J’ai failli la tuer.
C’est la vérité qui me réveille tous les soirs.
Mon phare a accroché quelque chose sur la route. Faible. En mouvement. J’ai cru que c’était un chien. Un animal qui s’était égaré sur la route.
J’ai fait un écart.
Mon cerveau a alors assimilé ce que mes yeux voyaient.
Pas un chien.
Un enfant.
Un bébé.
Traverser la I-40 à douze heures quarante-sept du matin.
Je suis Daniel “Preacher” Morrison. Soixante-dix ans. Ancien combattant du Vietnam. Je roule depuis 1978. Cette nuit-là, je rentrais chez moi après une randonnée commémorative à Oklahoma City. Deux cents miles d’autoroute vide. La plus grande partie ne traverse rien.

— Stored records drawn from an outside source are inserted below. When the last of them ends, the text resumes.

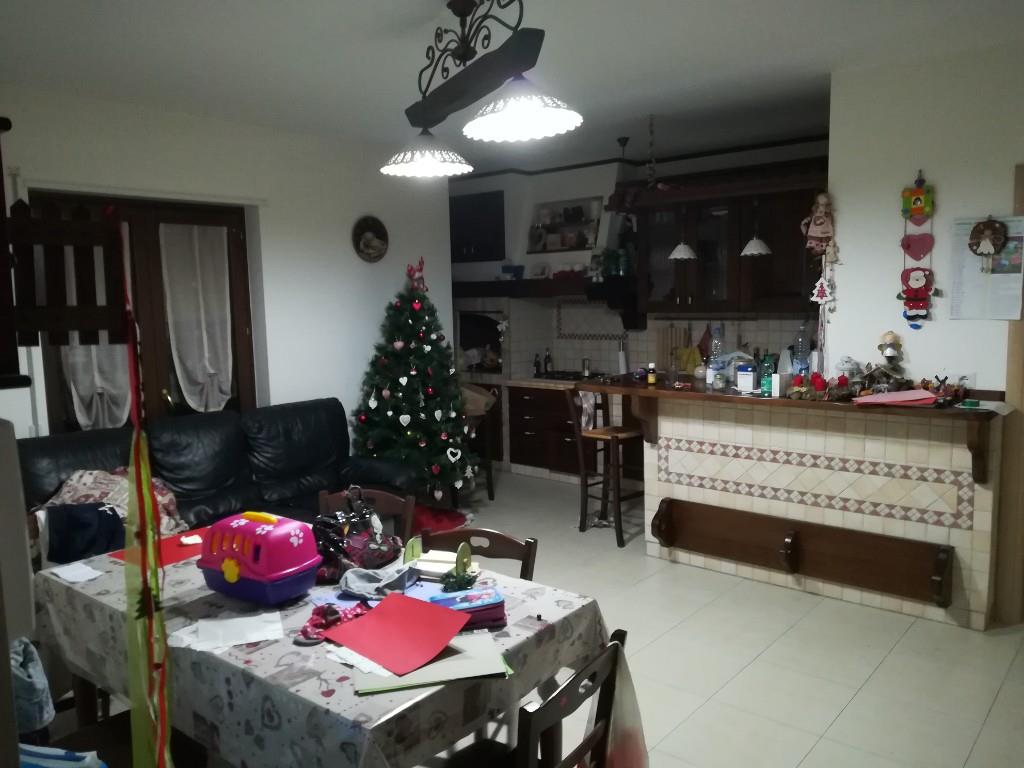 immagine annuncio 5 di 6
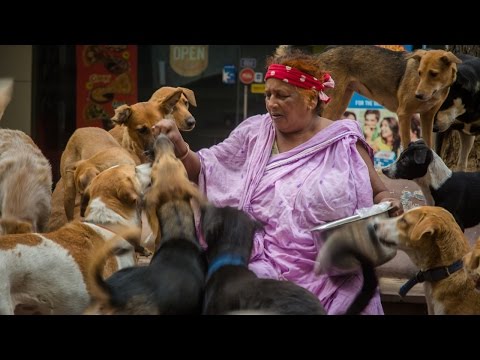 Puppy Love: The 'Dog Lady Of New Delhi’ Cares For 400 Strays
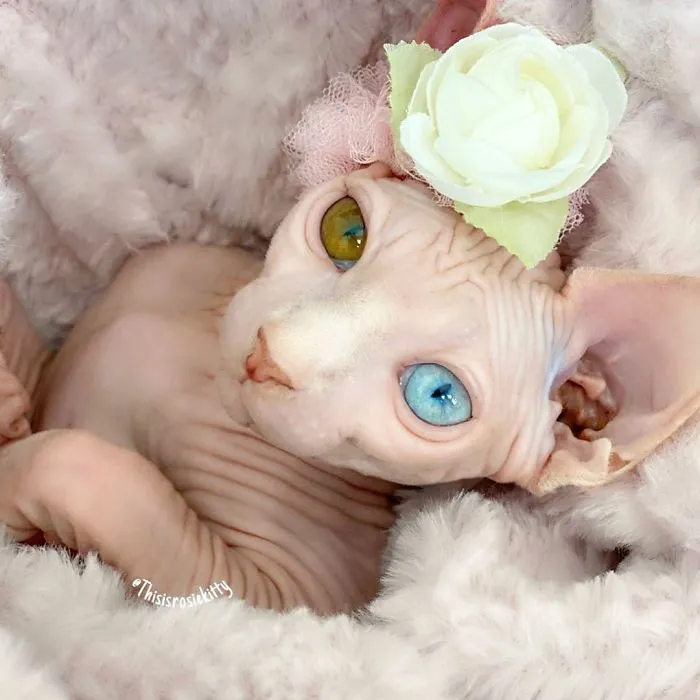 Here Are 68 Pics Of My Cats That Help Me During Tough Times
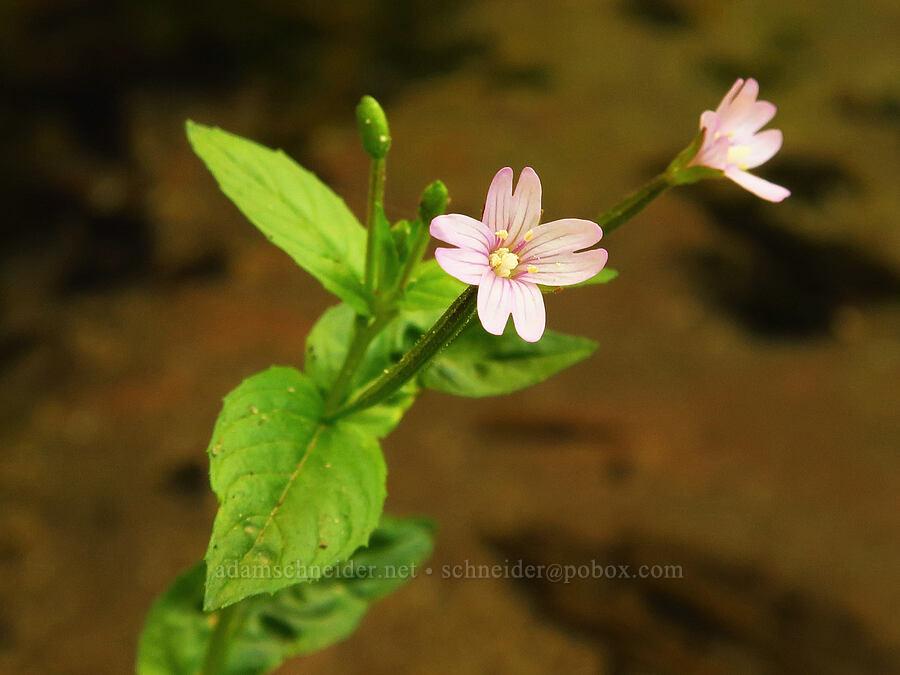 common willow-herb (Epilobium ciliatum) [Forest Road 8040, Gifford Pinchot National Forest, Skamania County, Washington]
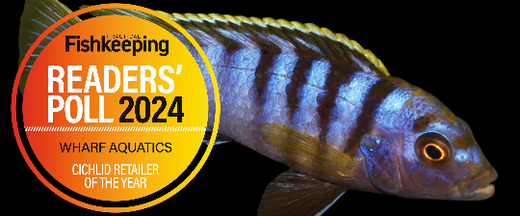 Malawi cichlid fish in an aquarium.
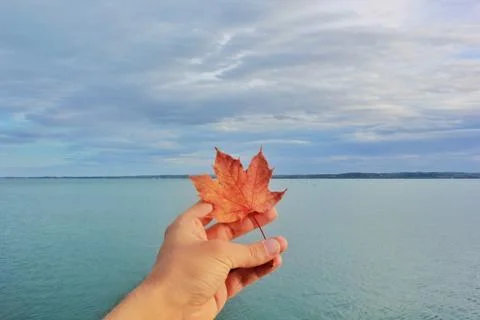 Autumn red leaf with a tree in hand on a background of the sea Stock Photos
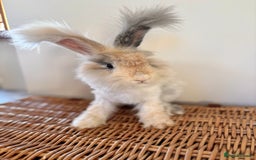 Angora rabbits for sale: Fully Vaccinated Pedigree English Angoras  - Image 27
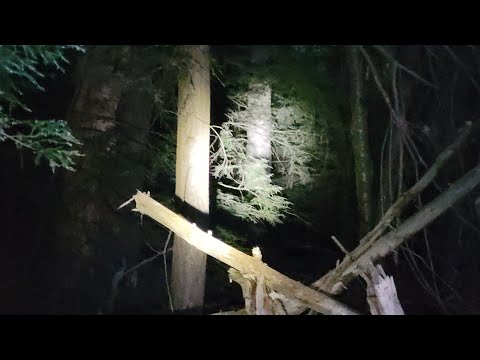 Bigfoot Sighting At Dusk  #bigfoot #catskillmountainsasquatch #sasquatch #zenatribe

Le bambin se trouvait au milieu de la voie de circulation en direction de l’ouest. Les voitures faisaient des embardées. Certaines klaxonnaient. Mais personne ne s’est arrêté.
J’ai jeté mon vélo dans l’accotement. Le gravier a giclé. J’ai coupé le moteur. J’ai foncé sur l’autoroute.
Un semi-remorque s’approche. Le klaxon retentit. Le chauffeur m’a vu. A vu l’enfant. Il n’a pas pu s’arrêter à temps.
J’ai attrapé ce bébé et j’ai plongé.
Le camion nous a manqué de peu. Le souffle du vent m’a presque renversé. Le conducteur s’est arrêté un quart de mile plus loin. Il a commencé à reculer.
C’est à ce moment-là que j’ai vraiment regardé ce que je tenais.
Une petite fille. Peut-être dix-huit mois. Deux ans au plus. Nue à l’exception d’une couche sale. Couverte de terre. De sang. De bleus.
Et portant un collier de chien.
Cuir épais. Le genre que l’on utilise sur un chien de combat. Une lourde chaîne y était attachée. Environ un mètre de long. L’extrémité était cassée. Du métal dentelé à l’endroit où elle s’est libérée.
J’ai dit : “Hé, ma chérie”, en essayant de garder ma voix calme. “Tu vas bien. Je te tiens.”
Elle m’a regardé avec des yeux qui avaient vu des choses qu’aucun enfant ne devrait voir. Puis elle a enfoui son visage dans mon gilet et a sangloté.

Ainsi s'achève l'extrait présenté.